Apple’s start to the new year has been pretty sour to say the least. After the company issued its first ever revenue shortfall warning in over 12 years amid a weakened China demand, it is now the company’s investors who are dumping stock.
Apple’s warning resulted in a rallied dumping of company stock, which has now resulted its share price to drop by over 10% in a single day. In fact, the company’s stock price is down by a total of 38 percent since its October peak. This, after the company halted trading yesterday afternoon to provide lower guidance for upcoming earnings. As for the company’s market capitalisation, the much reported $1 Trillion mark, which Apple achieved in October, is way down the charts. Company’s market cap is now below $700 Billion, thus wiping out $300 Billion — a figure that is more than the nominal GDP of close to 75% countries individually.
So what exactly has led to this ? The one prime reason is of course Apple’s first revenue warning in nearly 12 years. The company has blamed weak China demand for the same. Many analysts and economists however believe, that Apple was caught off-guard with respect to the Chinese market. While most reports have clearly highlighted the falling consumer growth in world’s second largest economy, Apple hadn’t really thought of the same. In fact, Apple CEO Tim Cook in November had cited slowing growth in emerging markets such as Brazil, India and Russia when Apple gave first-quarter sales estimates that were lower than expected. But he said then that he “would not put China in that category” of countries with troubled growth.

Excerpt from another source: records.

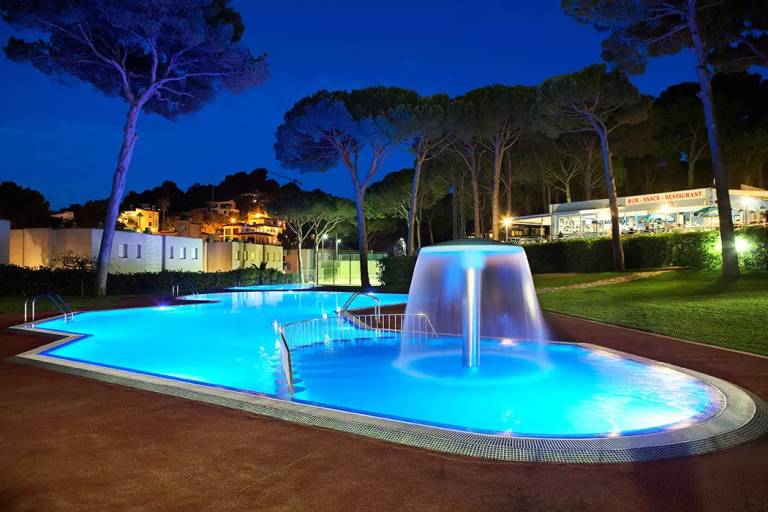 Pleasant mobile home with grill & yard | Beach nearby | Pets are welcome in Begur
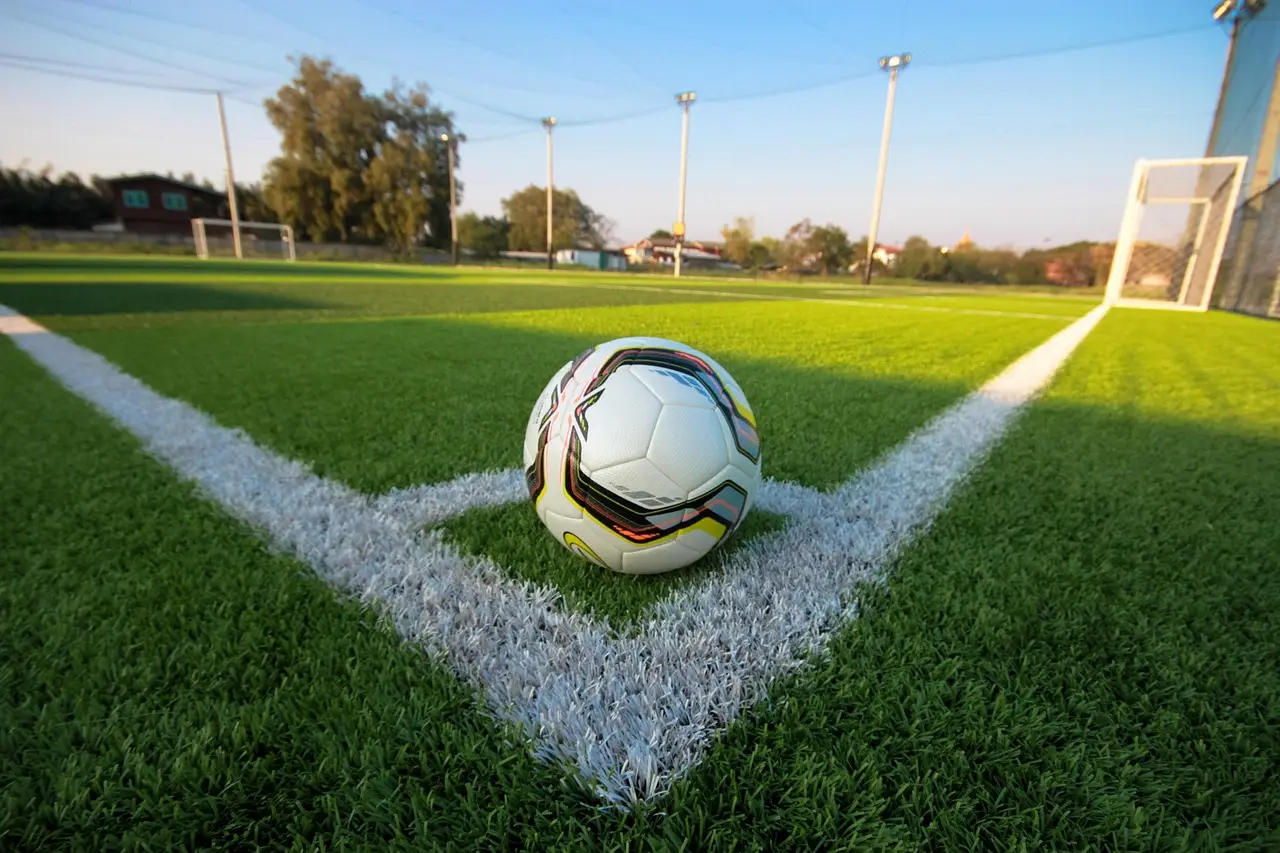 Bakıda futbol meydançasının təmirinə 1,4 milyon ayrıldı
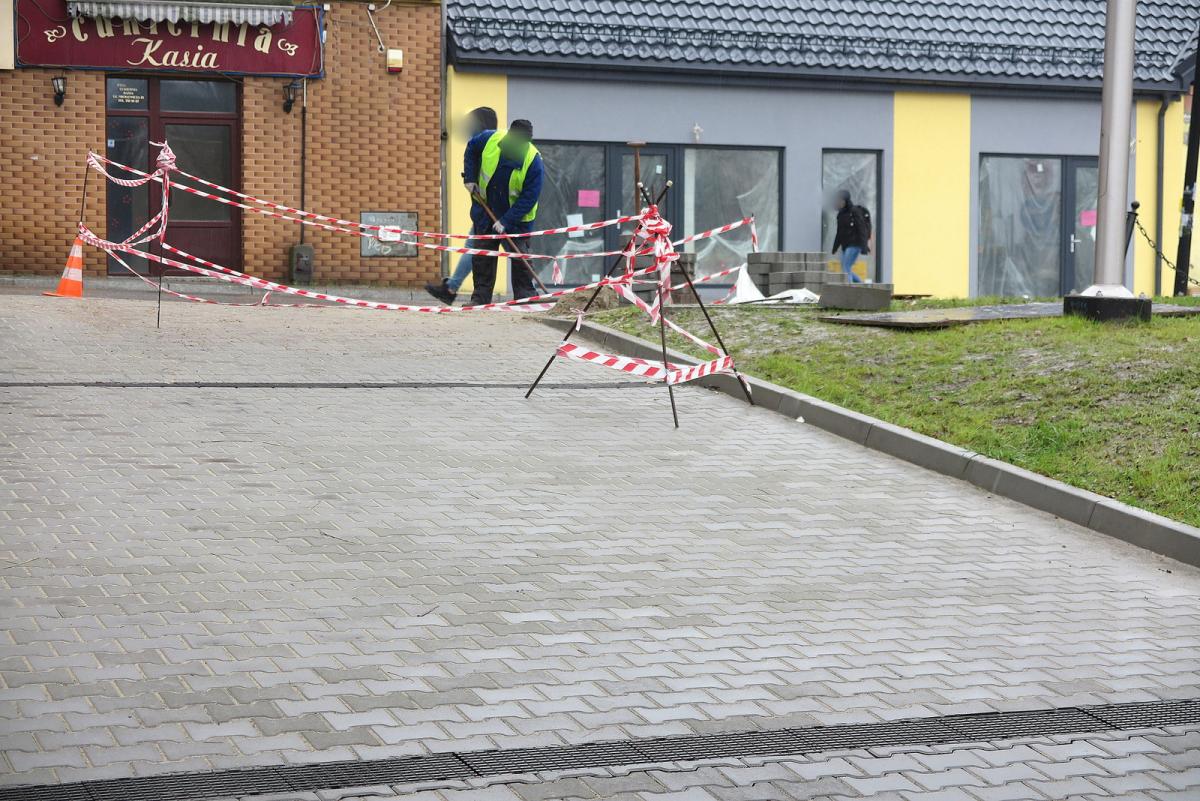 Poprawki nowego parkingu przed halą MCKiS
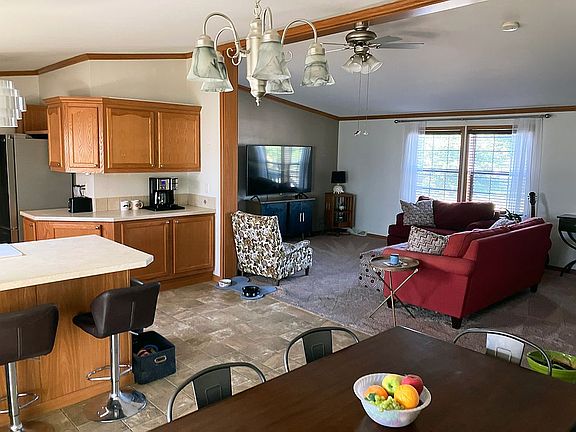 Dining & Kitchen Area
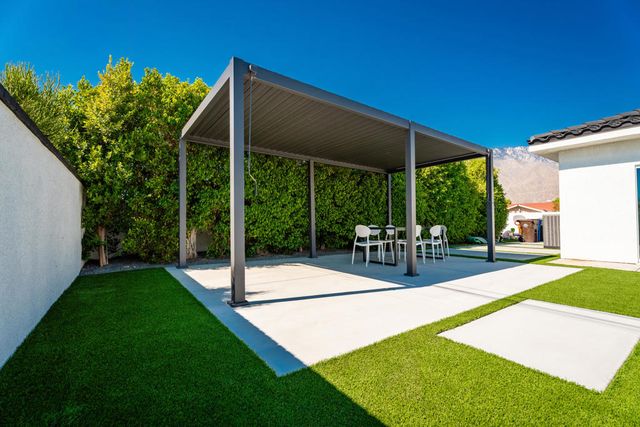 2090 W Nicola Road, Palm Springs, CA 92262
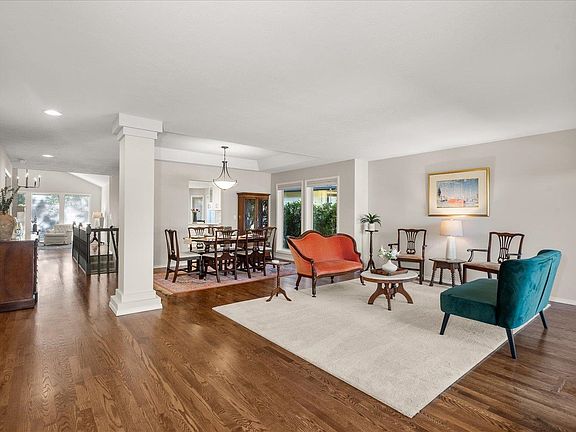 3rd image of 5107 S Saint Andrews Ln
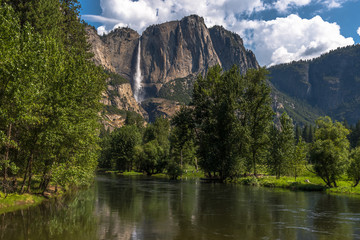 Blick auf Yosemite Fall über Merced River im Yosemite Valley
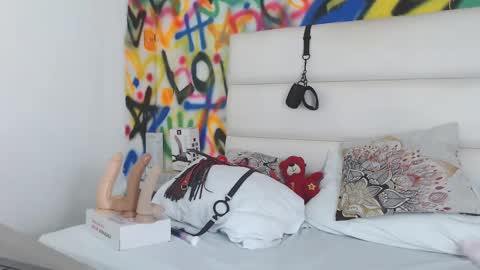 Snapshot of aria_martiin chatting on 01-16-25, 02:08 aria online show from 01-16-25, 02:08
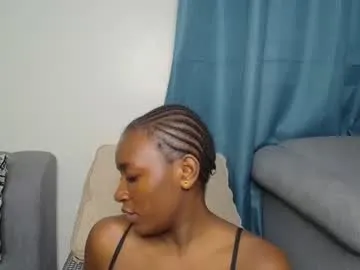 fixielu – webcam model profile photo Image 4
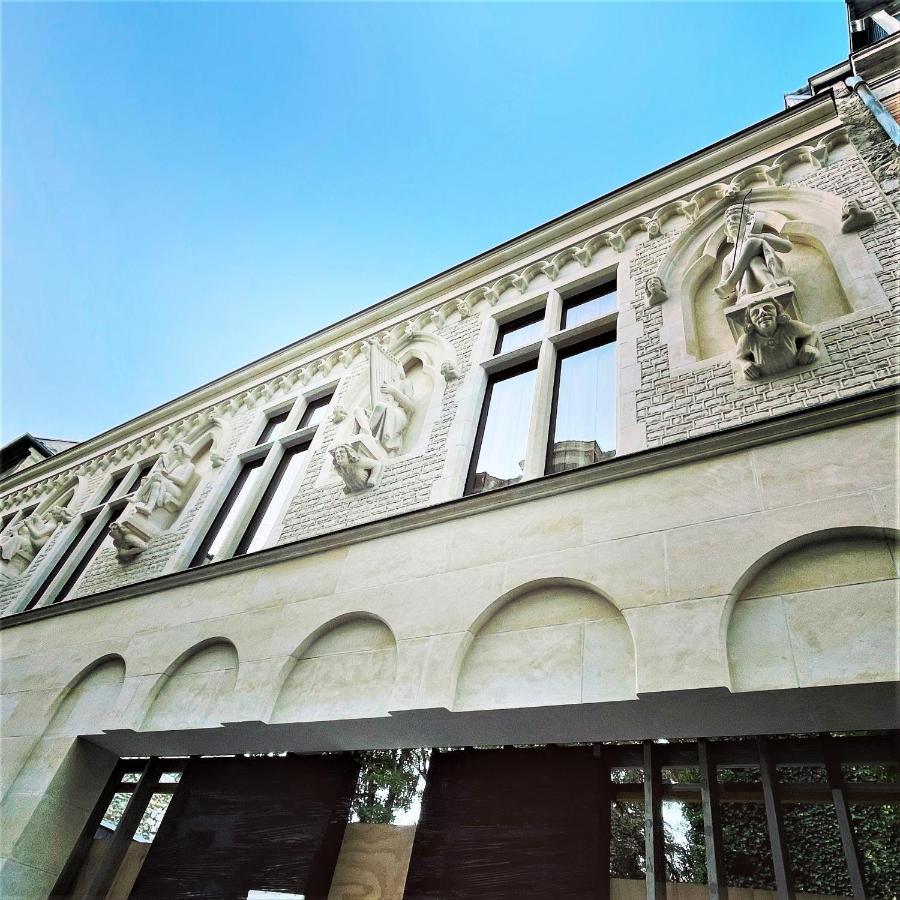 Charme De L'Ancien Pour Cet Appartement Entierement Renove Dans L'Hypercentre De Reims Dış mekan fotoğraf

Onoging US-China trade tensions, which have anyways brought global markets down by a huge chunk, has also impacted Apple, and most other US tech companies. According to Reuters, investors have also dumped chipmakers and tech stocks other than just Apple’s and flocked to perceived safe havens like U.S. Treasuries and the Japanese yen.
A senior White House economic adviser, while speaking with Reuters, said that he expected trade uncertainty to hit earnings at many U.S. companies, but that sales at Apple and others with large exposure to China would recover once Washington and Beijing strike a trade deal.
That is having an impact on earnings and it’s not going to be just Apple.White House Chairman of the Council of Economic Advisers Kevin Hassett said in an interview with CNN.
“I think there are a heck of a lot of U.S. companies that have a lot of sales in China that are basically going to be watching their earnings be downgraded next year.”